Going to Extremes

How Deep, How High Can Humans Go?

Few among us have seriously dreamed to go where no human has gone before. Far fewer have risked their lives to live that dream. Ahmed Gabr and Reinhold Messner are two men who lived the dream and exceeded the limits of what was thought to be humanly possible. 

Ahmed dreamed of scuba diving deeper than anyone had ever ventured. When Helen and I vacationed to scuba dive in Mexico and the Caribbean, I wondered what attracted people to attempt the deepest dives. There would be little or no light, no beautiful coral or tropical fish. What compelled divers to seek such depths? Of course, I thought it must be either the challenge to exceed what had been done before or to become a notation in a record book. In any case, a serious attempt to set a diving record would require an extraordinary amount of skill and preparation. This is not the stuff of mere dreamers like me.

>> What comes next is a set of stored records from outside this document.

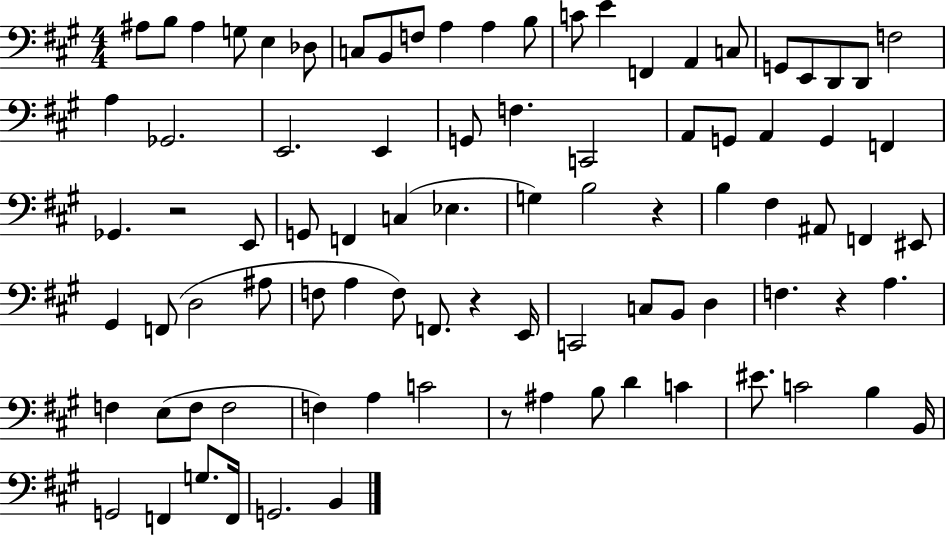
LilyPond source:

{
  \clef bass
  \numericTimeSignature
  \time 4/4
  \key a \major
  ais8 b8 ais4 g8 e4 des8 | c8 b,8 f8 a4 a4 b8 | c'8 e'4 f,4 a,4 c8 | g,8 e,8 d,8 d,8 f2 | \break a4 ges,2. | e,2. e,4 | g,8 f4. c,2 | a,8 g,8 a,4 g,4 f,4 | \break ges,4. r2 e,8 | g,8 f,4 c4( ees4. | g4) b2 r4 | b4 fis4 ais,8 f,4 eis,8 | \break gis,4 f,8( d2 ais8 | f8 a4 f8) f,8. r4 e,16 | c,2 c8 b,8 d4 | f4. r4 a4. | \break f4 e8( f8 f2 | f4) a4 c'2 | r8 ais4 b8 d'4 c'4 | eis'8. c'2 b4 b,16 | \break g,2 f,4 g8. f,16 | g,2. b,4 | \bar "|."
}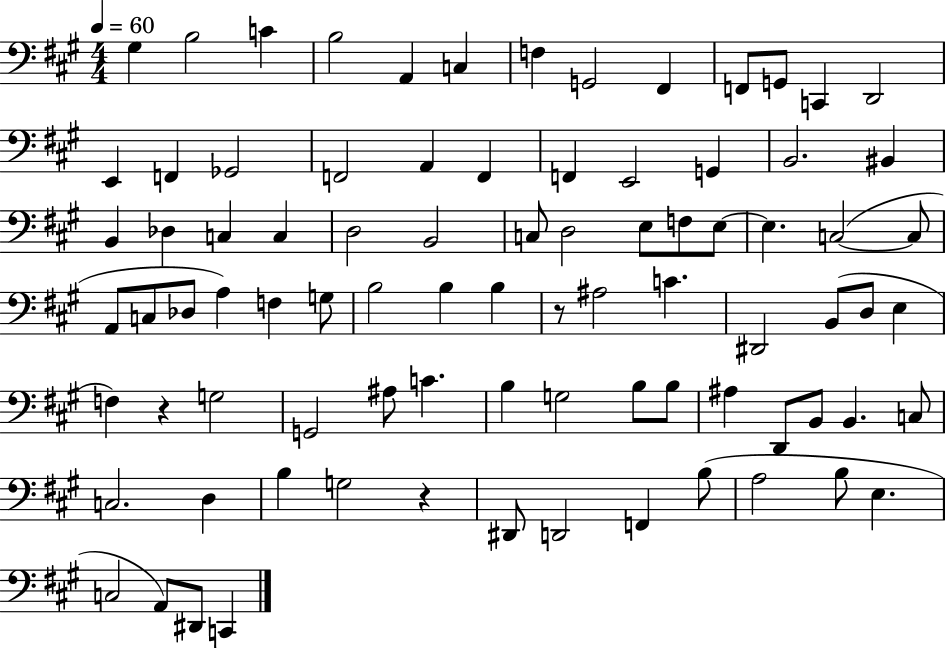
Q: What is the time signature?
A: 4/4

Ahmed, a 41-year-old Egyptian, prepared for the dive for four years. When the day of the dive arrived, he dove to a depth of over 1,090 feet in just 12 minutes. It took 15 hours to return to the surface to avoid injury from decompression and other risks of the ascent.  

The human record dive is just 3% of the deepest point of the ocean. Other mammals put the human record to shame. A Cuvier's beaked whale was recorded to dive to a depth of nearly 10,000 feet and other living things have been discovered as deep as 31,000 feet. Nevertheless, Ahmed sets the record for us land-based mammals.

Moving to the other extremity of the earth's landmass, Mount Everest rises to 29,029 feet. It was once thought impossible for a human to reach the summit without supplemental oxygen. The highest mountain I ever climbed was Mount Rainier guided my favorite uncle then in his seventies. During the climb, I marveled at the men and women who had climbed Mount Everest. I was climbing a mountain just half as high. Not having acclimated or trained for the climb, I craved (but did not have access to) supplemental oxygen.

In 1978, Reinhold Messner, considered to be the greatest mountain climber of all time, ascended Mount Everest without the aid of supplemental oxygen. Unlike the traditional Everest expeditions, Messner didn't use Sherpas to carry his gear, used no ladders or fixed ropes, no satellite phones, and carried everything he needed on his back. He climbed as fast as he could climbing slopes that normally take days in hours. Don't think he did all this in ideal conditions. He suffered a storm for two days weathering 125 mph winds and temperatures of 45-below-zero, awakening at night gasping for air because sleeping took more oxygen than he could corral.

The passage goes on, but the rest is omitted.